Everything in the listing must be repeated exactly, apart from the images.

_SUPPLIED INFORMATION_:

────

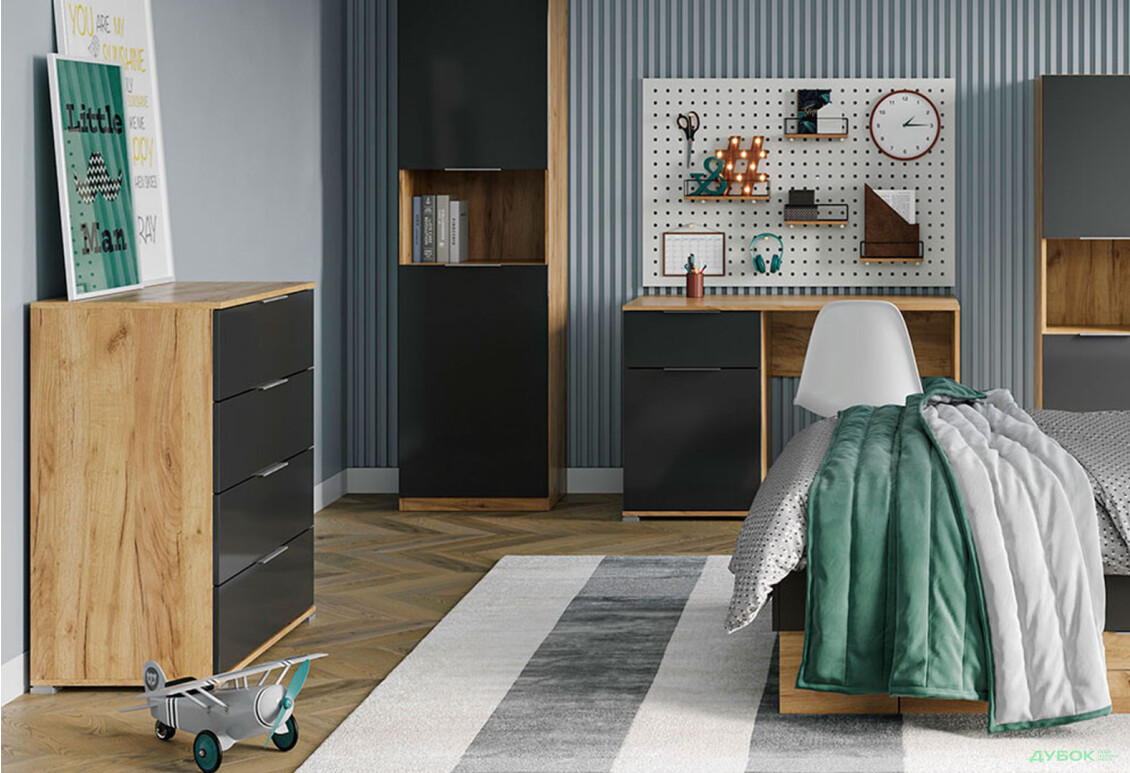 Комод MiroMark Луна Джуніор з 4 шухлядами 80 см Лава/Дуб крафт - Зображення 2 Зображення 2 - Комод MiroMark Луна Джуніор з 4 шухлядами 80 см Лава/Дуб крафт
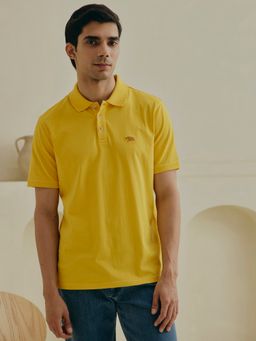 Andamen - Men Cotton Mustard Polo T-Shirt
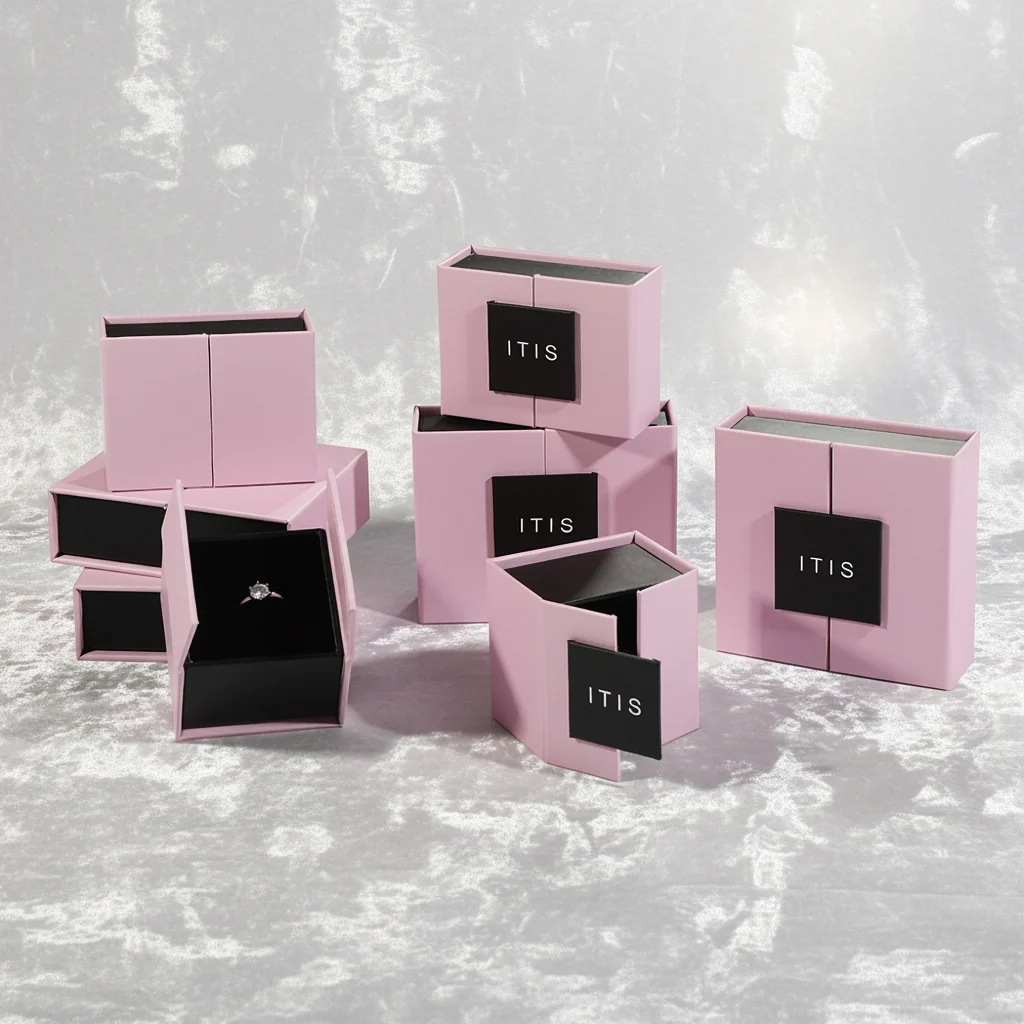 Pink Double Door Jewelry Gift Box | Magnetic Closure Presentation Case for a Romantic Unboxing Surprise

────

_TASK OUTPUT_:
 Комод MiroMark Луна Джуніор з 4 шухлядами 80 см Лава/Дуб крафт - Зображення 2 Зображення 2 - Комод MiroMark Луна Джуніор з 4 шухлядами 80 см Лава/Дуб крафт
 Andamen - Men Cotton Mustard Polo T-Shirt
 Pink Double Door Jewelry Gift Box | Magnetic Closure Presentation Case for a Romantic Unboxing Surprise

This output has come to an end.